For The People: RuPaul's Drag Race Season 7 Premiere & Untucked Review

Nick Tucci | PopWrapped Author

Nick Tucci

03/19/2015 12:29 pm
PopWrapped | Recaps
For The People: RuPaul's Drag Race Season 7 Premiere & Untucked Review | drag race
Media Courtesy of LogoTV
Lord knows the gays and girls have need something to argue about and we've been waiting for this since last summer's finale! Usually I only have the "Meet The Queens" interviews to form my initial opinions off, but this year I had the pleasure of being invited to the RuPaul's Drag Race Season 7 Los Angeles Premiere party.
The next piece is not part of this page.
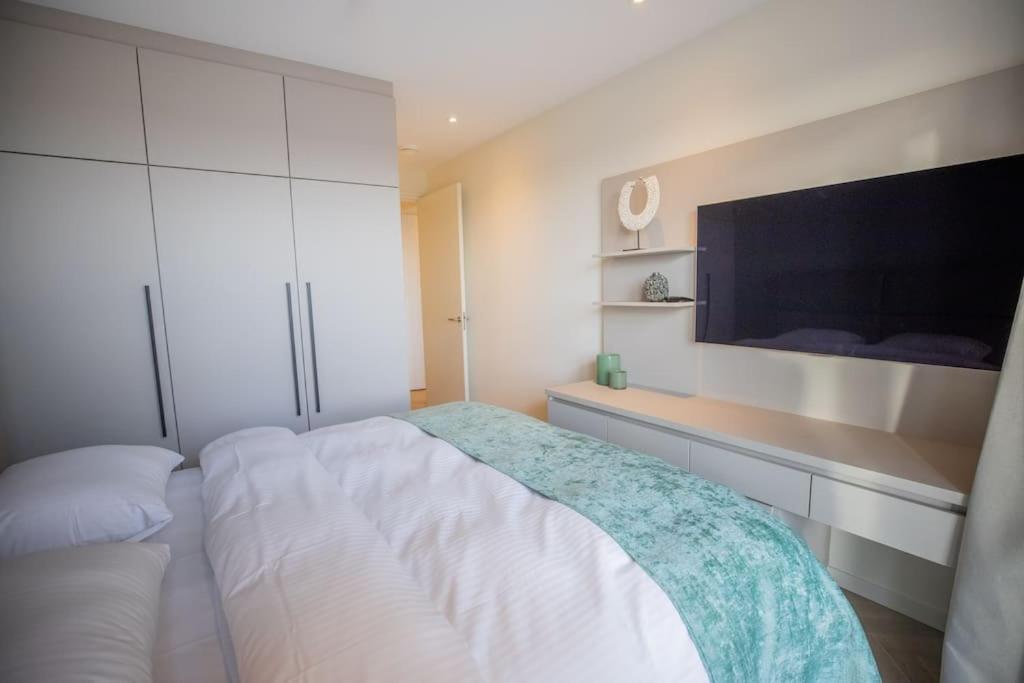 Apartment Penthouse Royal, Luxurious And Cozy With Sauna Cadzand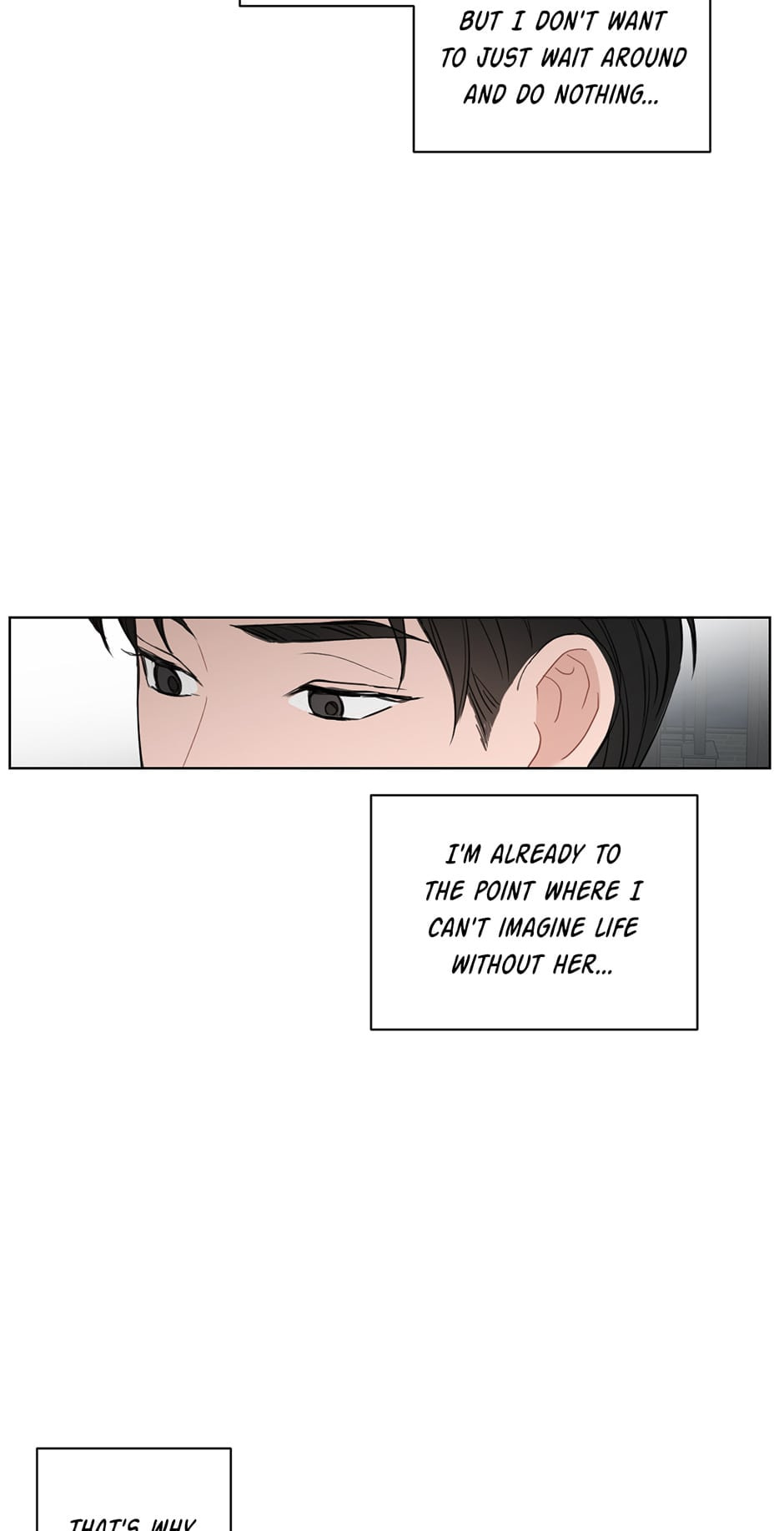 Positively Yours Chapter 54 page 4 -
I must say after speaking to the queens on the red carpet AFTER they've filmed the season and THEN watching them on-screen, I have a lot more of a grasp on their personalities than if I was coming in cold like most viewers. This may or may not persuade my opinions, but if you aren't familiar, I'd probably have had strong ones regardless *shade emoji*. For those of you new to the show this is when you would hear an autotuned voice telling you to START YOUR ENGINES (if they havent been already), it's time for RuPaul's Drag Race! WARNING: *This post might be a bit voluptuous, but we're making up for lost time.*


  • Miss Fame

    walks in first as the crowned Queen of the Purple People Eaters, claiming she comes in peace but we all know better. Since she's from New York, I assume nylon spikes are always in, judging from Vivacious' look last year! At the premiere party, Fame was #PaintedForTheGods and we will obviously see that as her strongest skill throughout the season. Also, Fame makes up the first part of the "Out of Drag Hottie Squad" as voted on by my closest internet friends.
  • Ginger Minj

    is a self-proclaimed "overweight, asthmatic, chainsmoking, crossdresser" or more #eloguently "a glamour toad". She's a "big girl" and proud of it. Don't let the size fool ya, I've seen her in action at many a Broadway Brunch back in Orlando and the woman can SING/ACT/MAKE A WAIST SHRINKING A-LINE DRESS! We should watch out for her in the more musical challenges!
  • No stranger to the over-worked drag name,

    Jaidynn Diore Fierce

    is anything but over-worked! She comes in to the workroom big hair, big booty, big appetite... to WIN. Jaidynn feigns some disappointment that she can't be the only big girl in the competition, but I don't think Ginger has to worry. She's also "giving us" every catch phrase in the homosexual dictionary, so my side-eye is going to be over-worked as well.
  • Another vision in purple,

    Violet Chachki

    strolls in with "ooh-la-las" abounding. Dubbed a "one-of-a-kind collectible" Ms Chachki is young but not to be underestimated. Her aesthetic and shade are definitely on point, and is sure to volley that shade when Miss Fame throws her some first.
  • Read all about it, and read they do when


    comes in with her newspaper accessory. "A starlet on the rise", Max brings an odd accent to the other girls, among other things about her they just don't understand. When asked where she's from she claims Wisconsin, much to their confusion. Ginger reminds us that "this is a contest for queens, but not the Queen of England!" Not to be out-shaded, Fame literally takes a page out of Max's newspaper to blot the shine off her face.
  • Just your "average, run of the mill, bisexual, transvestite hooker"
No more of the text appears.